I've touched on this in this blog before but surprisingly Japan is relatively behind the curve when it comes to technology in everyday life. It may be synonymous with high-tech advances and robotic everything, but generally speaking day-to-day life in Japan is rather devoid of technology. Let me explain how...
1) It could be done on computer, but let's use pencil and paper! Oddly enough, many office and menial tasks in Japan are still completed using old fashioned pencil and paper. My teachers rarely use email for example, and when they do everyone logs on to an archaic shared computer as if email exists solely on that one machine. My JTE's have often expressed surprise when I deliver a ready-made lesson plan not 10 minutes after speaking to them about the day's lesson - as though the idea of finding exactly what I need on the internet is some kind of insane wizardry. In fact, I distinctly recall one of my teachers being completely in awe at the concept of Google Earth and even more taken aback when I explained that yes, I had seen and used it before. The pen and paper theme continues throughout office-life with vacation requests needing to be filled in on paper and stamped by a million different people before they can be approved, paper memos and schedules being the norm for information dissemination, internal mail document-forwarding existing in lieu of email communication and sending faxes between businesses still rather commonplace.
2) ATMs close and EFTPOS isn't a thing. This is something that caught me by surprise when I first came to Japan, but rather than running servers 24-7 and allowing people access to their money at all times, banks shut down their servers rendering ATMs essentially useless outside of office hours. Getting paid today but stuck without cash before 8am? Too bad, the ATM won't "open" until 9am. Need cash at 7pm saturday night for a weekend out? Nope, the ATM "closed" at 6pm. Want to pay for your groceries by card? Um, what? No can do, you must have cash!
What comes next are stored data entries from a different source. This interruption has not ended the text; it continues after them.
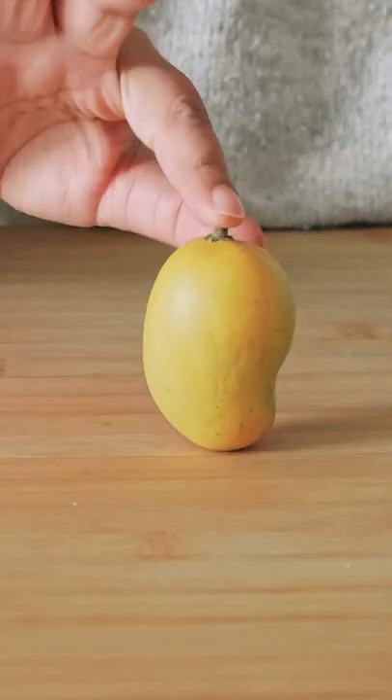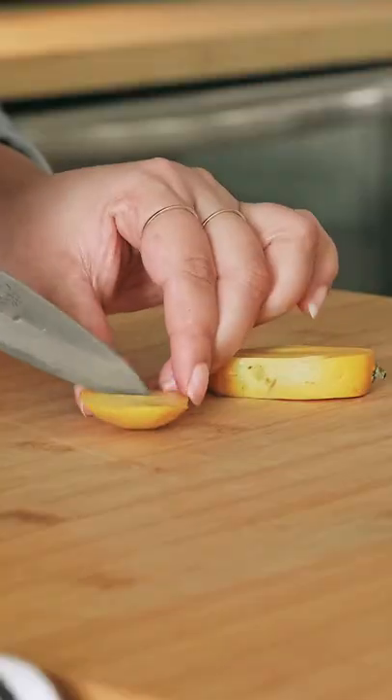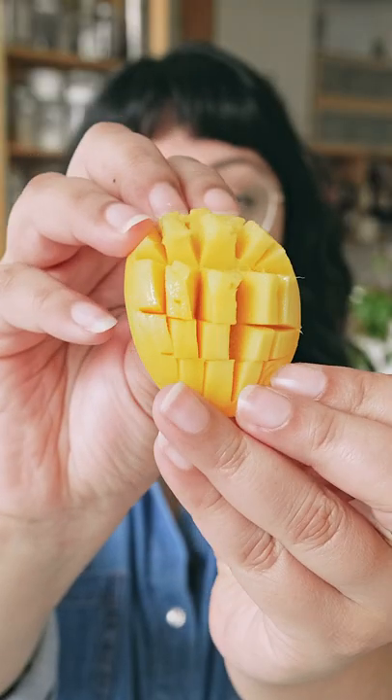With an oblong, semi-flattened shape and a noticeable beak at one end, you can see why the word kidney is in the name honey kidney mango. Like other mango varieties, the inside is juicy, tender, and velvety in texture with a sweet, sometimes sour taste. What's particular about this variety is that they are less fibrous, which means you won't have things sticking in between your teeth.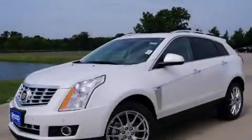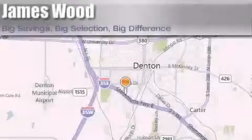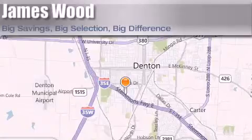Please call us today for more information on this great vehicle. James Wood Auto Park is located at 3906 Interstate 35E South in Denton. Our goal is to exceed all of your expectations to ensure that you'll return for future visits.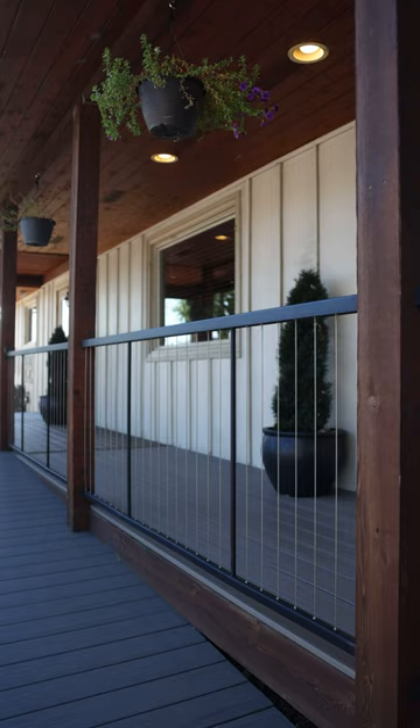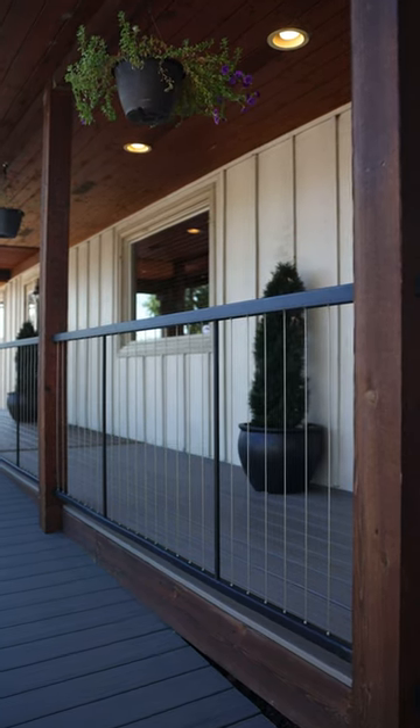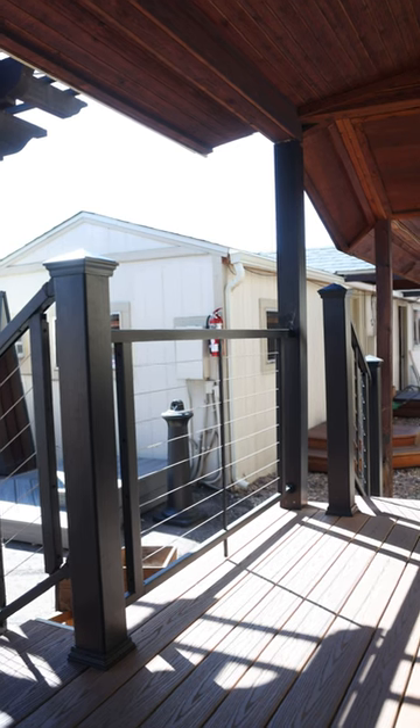Hey guys, it's Tanner with Rocky Mountain Forest Products talking to you today about cable railing. It's fun, it's sleek, it's sexy, it looks good. There's so many different applications. You can do vertical, you can do horizontal, you can go to metal posts, wood posts, whatever style you're looking for.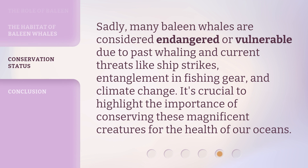Sadly, many baleen whales are considered endangered or vulnerable due to past whaling and current threats like ship strikes, entanglement in fishing gear, and climate change. It's crucial to highlight the importance of conserving these magnificent creatures for the health of our oceans.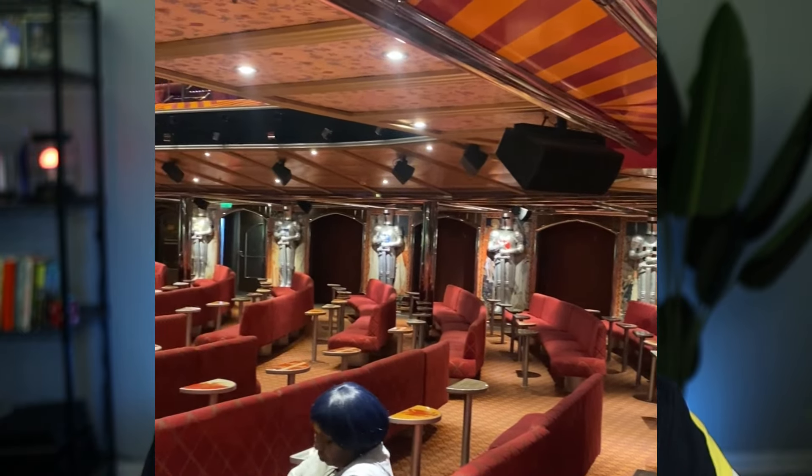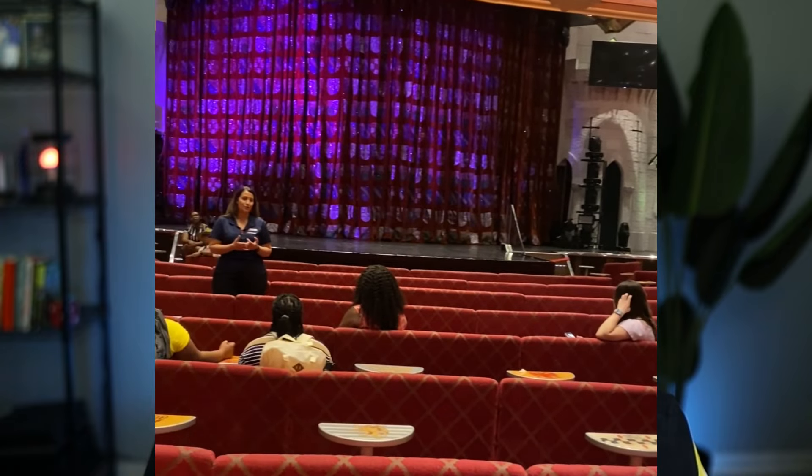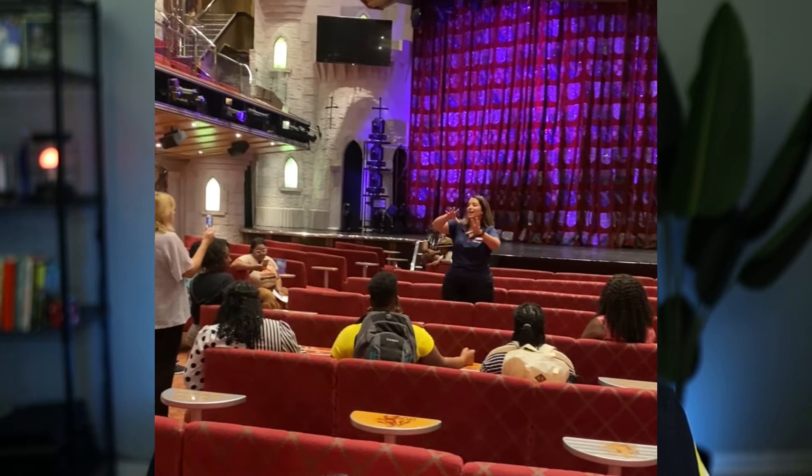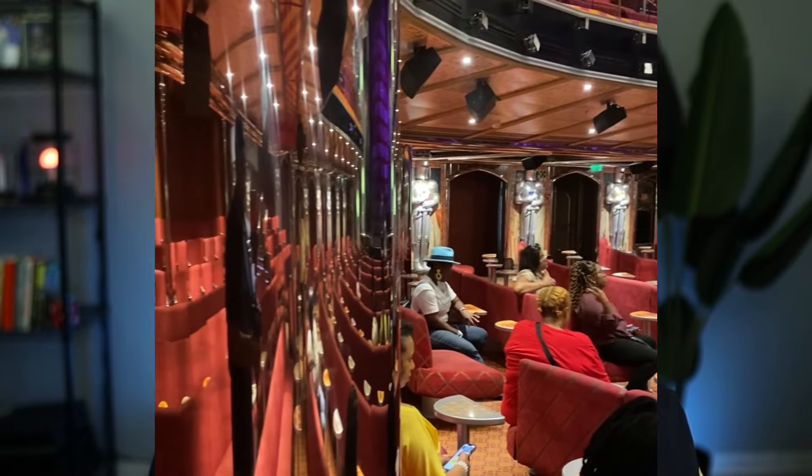Last but not least, we headed over to the big auditorium. Inside that auditorium is where all of your Broadway shows are, comedy shows, and you can even catch a couple games of bingo. This is definitely one of those things you want to talk to your clients about, because these can be big selling points. This was just a short version of what ship tours can offer you as a travel agent. If you got value from today's video, make sure you subscribe — I put out videos like this on a weekly basis. Take care, take charge, and I'll see you on the next video.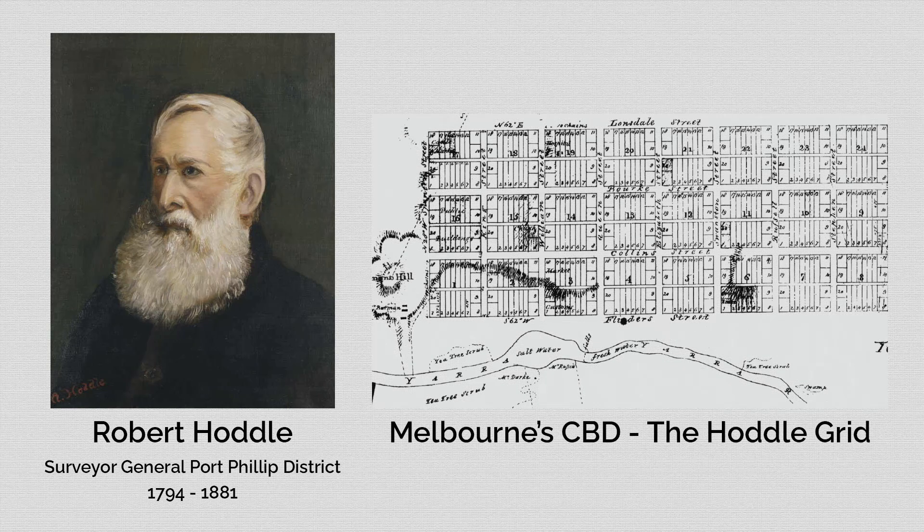Robert Hoddle was the Surveyor General of the Port Phillip District from 1837 to 1853. He is best known for the creation of the Hoddle Grid, which is the grid layout of the streets of Melbourne's Central Business District. In July 1850 he had written a footnote in a correspondence to the Commissioner for the County of Bourke, James Simpson. In this footnote he said, 'I've often thought that it would be well to lay out a village at that location,' and that location would go on to be the township of Oakley.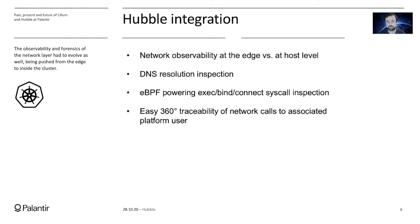In the past, we were able to observe network flows just at the edge, but now with Hubble, we're able to get network flow observability at the host level. Our CERT team gets a lot of mileage from Hubble in two main areas: observing DNS traffic, and observing which processes are doing exec, bind, and connect system calls. With these two things in our tool belt, we can get an easy 360-degree traceability of network calls associated to a Kubernetes pod. And then using Kubernetes audit logs, we're able to trace back to the platform user that launched that pod.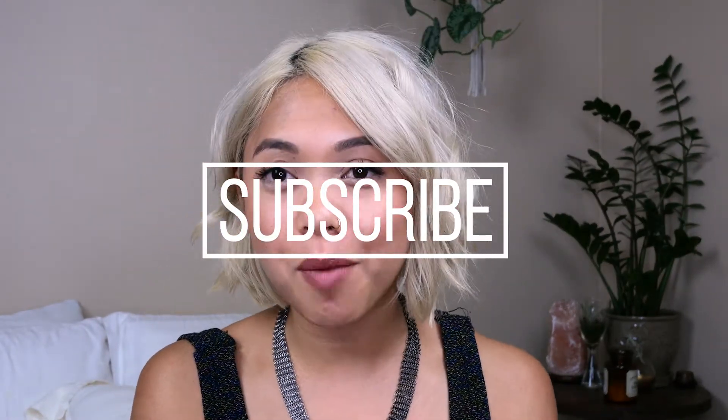So those are my October favorites. I hope you guys enjoyed. If you did, go ahead and click the subscribe button below, and I'll see you guys soon.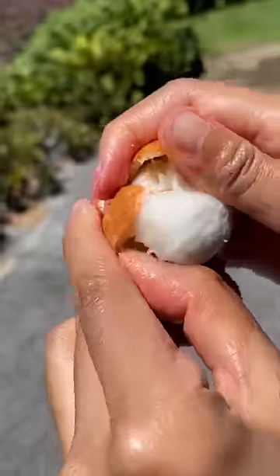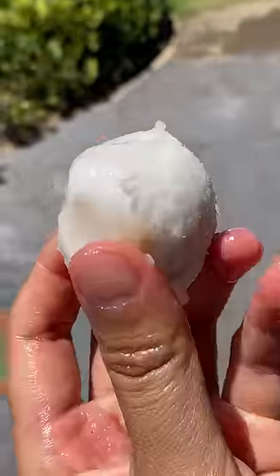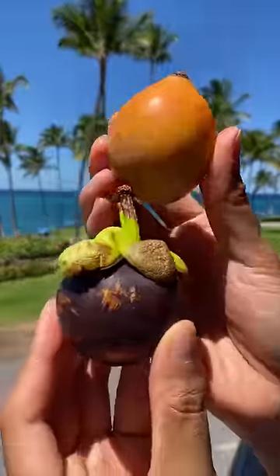Whoa! This fruit peels like an egg. It's got a thicker skin that snaps and cracks, and inside is a very creamy fruit that tastes so good.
I have been caught out by this a couple of times, but soon learned from my mistake! Basically, everyone makes it to the bank at some stage during the week to withdraw a ridiculous wad of notes which they carry around with them to pay for everything. You must pay cash for groceries at the supermarket, electronics at big department stores, food at restaurants, petrol at service stations etc etc. The only places you can use card (and I mean credit card, not bank card!) is at large hotels and some of the more tourist travelled places like airports etc. Talk about inconvenient!
3) Nobody uses internet banking. Let me say first of all that you CAN get internet banking. You just can't DO anything with it other than check your balance. There's no such thing as BPAY, no transferring money between accounts, no paying money into other people's accounts by online means and hardly anyone uses credit or debit cards to pay for purchases online. If you want to do any of those things, you must go to a branch or use an ATM (during office hours of course!). On the plus side, cash-on-delivery is major business here and one can order just about anything from Amazon.co.jp and opt to have it delivered to your door for a small fee, with nothing to pay until you actually collect the item.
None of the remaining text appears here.